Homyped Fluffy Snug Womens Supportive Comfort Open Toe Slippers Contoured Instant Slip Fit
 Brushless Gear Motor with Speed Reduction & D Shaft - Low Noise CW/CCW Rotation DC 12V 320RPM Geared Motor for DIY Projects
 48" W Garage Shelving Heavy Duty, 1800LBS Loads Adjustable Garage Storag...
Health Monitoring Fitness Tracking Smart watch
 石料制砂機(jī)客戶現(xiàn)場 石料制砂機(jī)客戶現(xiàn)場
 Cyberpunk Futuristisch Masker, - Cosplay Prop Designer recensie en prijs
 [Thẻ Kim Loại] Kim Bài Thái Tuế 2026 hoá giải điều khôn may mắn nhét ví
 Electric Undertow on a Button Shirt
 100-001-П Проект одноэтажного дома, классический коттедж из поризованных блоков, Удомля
=====
» Task instructions: For each record above, output it exactly as written.

» Answer space:
Homyped Fluffy Snug Womens Supportive Comfort Open Toe Slippers Contoured Instant Slip Fit
 Brushless Gear Motor with Speed Reduction & D Shaft - Low Noise CW/CCW Rotation DC 12V 320RPM Geared Motor for DIY Projects
 48" W Garage Shelving Heavy Duty, 1800LBS Loads Adjustable Garage Storag...
Health Monitoring Fitness Tracking Smart watch
 石料制砂機(jī)客戶現(xiàn)場 石料制砂機(jī)客戶現(xiàn)場
 Cyberpunk Futuristisch Masker, - Cosplay Prop Designer recensie en prijs
 [Thẻ Kim Loại] Kim Bài Thái Tuế 2026 hoá giải điều khôn may mắn nhét ví
 Electric Undertow on a Button Shirt
 100-001-П Проект одноэтажного дома, классический коттедж из поризованных блоков, Удомля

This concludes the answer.